**EXERCISE GOAL:**
Retype exactly what runs from the first line of the data to the line with "Compared to a", keeping both of those lines and skipping pictures.

**GIVEN MATERIAL:**
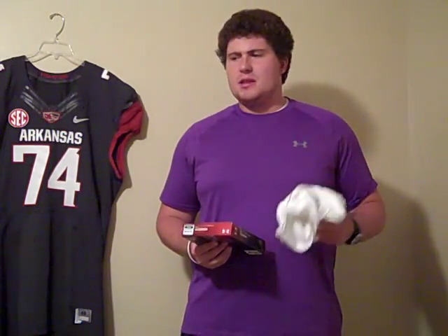Hey, what's going on YouTube? UA Reviews here, and today I've got some new pickups that I want to share with you. Recently I went to Hibbett Sports, the Under Armour Outlet, and MC Sports, and picked up a few new things for back to school, practice wear, just all kinds of different stuff — some stuff I was kind of needing.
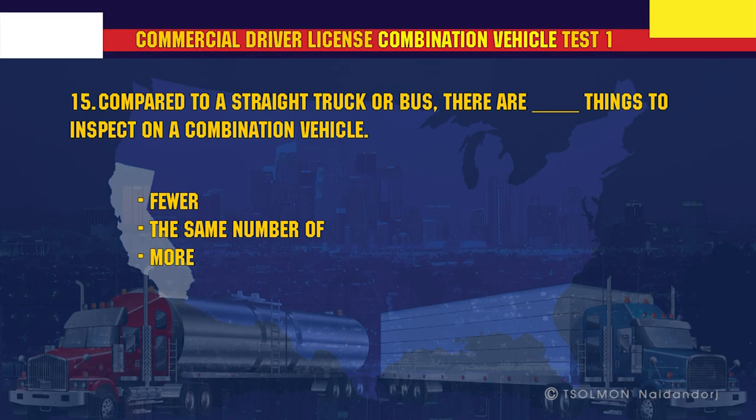Compared to a straight truck or bus, there are more things to inspect on a combination vehicle.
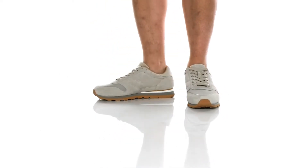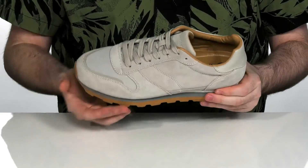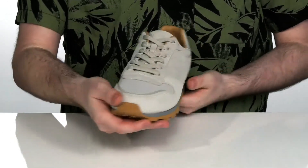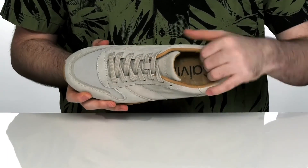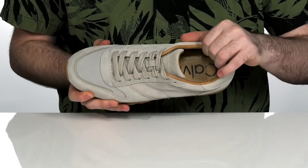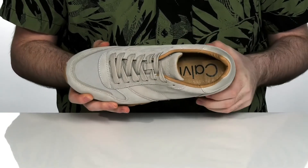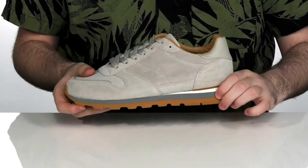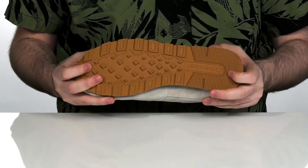These great casual sneakers from Calvin Klein have paneled suede uppers with a nice stitch detailing to give it that intricate look. It's got a traditional lace-up to give you that perfect fit with a lightly padded leather lining on the inside to hug your foot comfortably. There's a foam footbed underneath to offer a little bit more comfort with each step, especially on this lightweight foam midsole with a durable rubber outsole on the bottom.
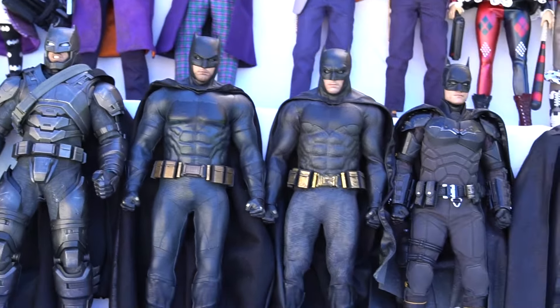Most of these do not want to stand on their own, which is why they're kind of leaning backwards. I didn't want to use any of the stands with them, but this was good. I like seeing them all together like this, except it was kind of windy that day.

**ANSWER FOR THIS EXERCISE:**
Hey, what's going on YouTube? UA Reviews here, and today I've got some new pickups that I want to share with you. Recently I went to Hibbett Sports, the Under Armour Outlet, and MC Sports, and picked up a few new things for back to school, practice wear, just all kinds of different stuff — some stuff I was kind of needing.
Compared to a straight truck or bus, there are more things to inspect on a combination vehicle.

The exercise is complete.